Untungnya bagi Cavaliers, Raptors bukanlah tim yang baik dalam tembakan 3 poin. Rata-rata 32,1 upaya per game mereka berada di peringkat ke-26 di musim reguler. Tingkat keberhasilan mereka sebesar 35,4 persen menempati peringkat ke-21. Tapi meskipun angka menunjukkan bahwa Raptors bukan ancaman besar dalam tembakan 3 poin, Cavaliers fokus pada pertahanan. Itu dimulai dengan Wade, yang menutupi pencetak gol terbanyak Raptors, Brandon Ingram, dalam pertemuan sebelumnya dengan Toronto. Ingram memimpin Raptors di musim reguler dengan rata-rata 21,4.

“Dia besar, dia benar-benar panjang, dia melakukan tembakan yang sangat sulit,” kata Wade. “Dia memiliki sentuhan yang bagus. Menurut saya, hal terbesar dengan dia adalah membuat dia tidak nyaman.”

Game 2 dari seri best-of-seven dijadwalkan pada pukul 19.00 20 April di Rocket Arena. Seri ini akan pindah ke Toronto untuk Game 3 dan 4 pada 23 dan 26 April.

Keterangan Konteks: Cavaliers adalah pavorit yang jelas dalam playoff pertama mereka melawan Toronto Raptors, dengan fokus utama pada pertahanan tim.

Cek Fakta: Pertahanan Cavaliers menjadi sorotan sebelum playoff, terutama dalam menghadapi tim yang ahli dalam tembakan 3 poin, seperti Toronto Raptors.

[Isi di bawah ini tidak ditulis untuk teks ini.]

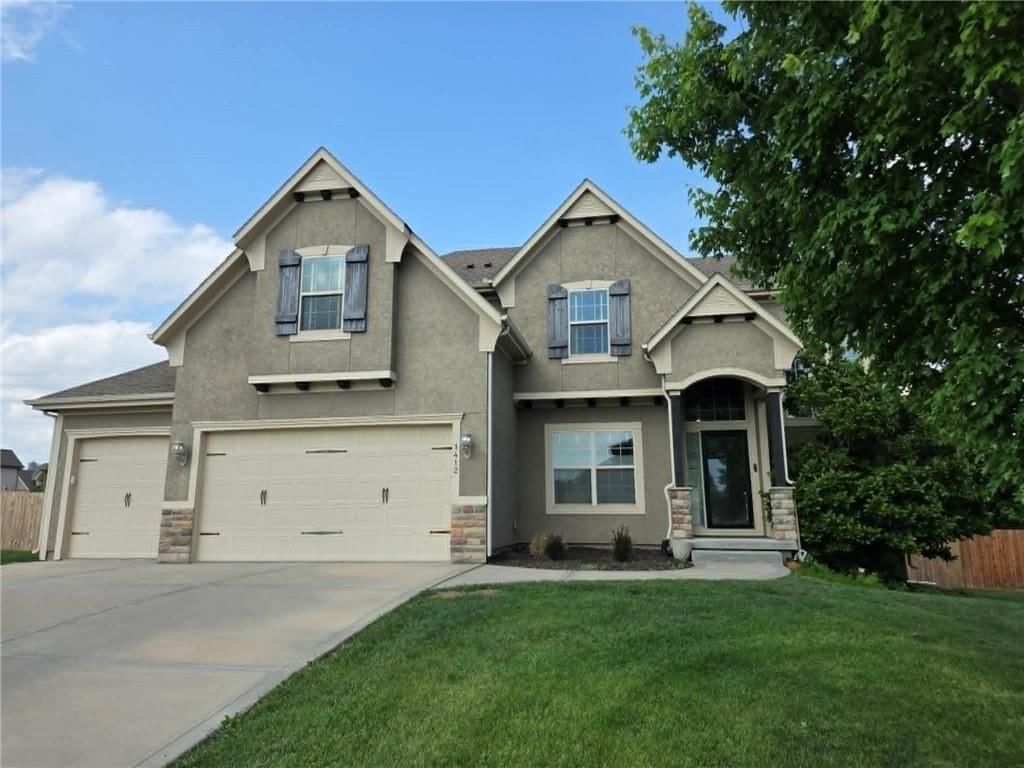 1412 SW Whistle Drive — photo 3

Artikulli paraprakathlonsports.com
Artikulli tjetërcleveland.com
Putri Anggraini
Saya Putri Anggraini, sarjana Ilmu Komunikasi dari Universitas Diponegoro. Karier saya di dunia media dimulai pada tahun 2016 sebagai penulis berita digital di Tribunnews. Sejak 2020, saya fokus meliput isu pendidikan, kesehatan masyarakat, dan kebijakan sosial. Bagi saya, jurnalisme adalah sarana untuk menyampaikan informasi yang relevan dan bermanfaat bagi masyarakat luas.